• [Your task] Produce a verbatim transcription of all records.
--- The records Enclosed Below ---
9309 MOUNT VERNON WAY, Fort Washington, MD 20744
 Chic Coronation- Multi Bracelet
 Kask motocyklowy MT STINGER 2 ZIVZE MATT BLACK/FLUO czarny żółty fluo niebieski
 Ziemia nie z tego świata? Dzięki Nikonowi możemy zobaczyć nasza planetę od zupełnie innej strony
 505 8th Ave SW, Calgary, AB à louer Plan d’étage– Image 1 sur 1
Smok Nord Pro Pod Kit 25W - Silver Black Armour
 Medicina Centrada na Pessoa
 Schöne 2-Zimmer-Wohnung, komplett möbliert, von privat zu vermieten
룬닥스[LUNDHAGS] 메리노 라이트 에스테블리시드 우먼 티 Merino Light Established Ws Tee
--- End of Enclosed The records ---
• [Answer for the task]
9309 MOUNT VERNON WAY, Fort Washington, MD 20744
 Chic Coronation- Multi Bracelet
 Kask motocyklowy MT STINGER 2 ZIVZE MATT BLACK/FLUO czarny żółty fluo niebieski
 Ziemia nie z tego świata? Dzięki Nikonowi możemy zobaczyć nasza planetę od zupełnie innej strony
 505 8th Ave SW, Calgary, AB à louer Plan d’étage– Image 1 sur 1
Smok Nord Pro Pod Kit 25W - Silver Black Armour
 Medicina Centrada na Pessoa
 Schöne 2-Zimmer-Wohnung, komplett möbliert, von privat zu vermieten
룬닥스[LUNDHAGS] 메리노 라이트 에스테블리시드 우먼 티 Merino Light Established Ws Tee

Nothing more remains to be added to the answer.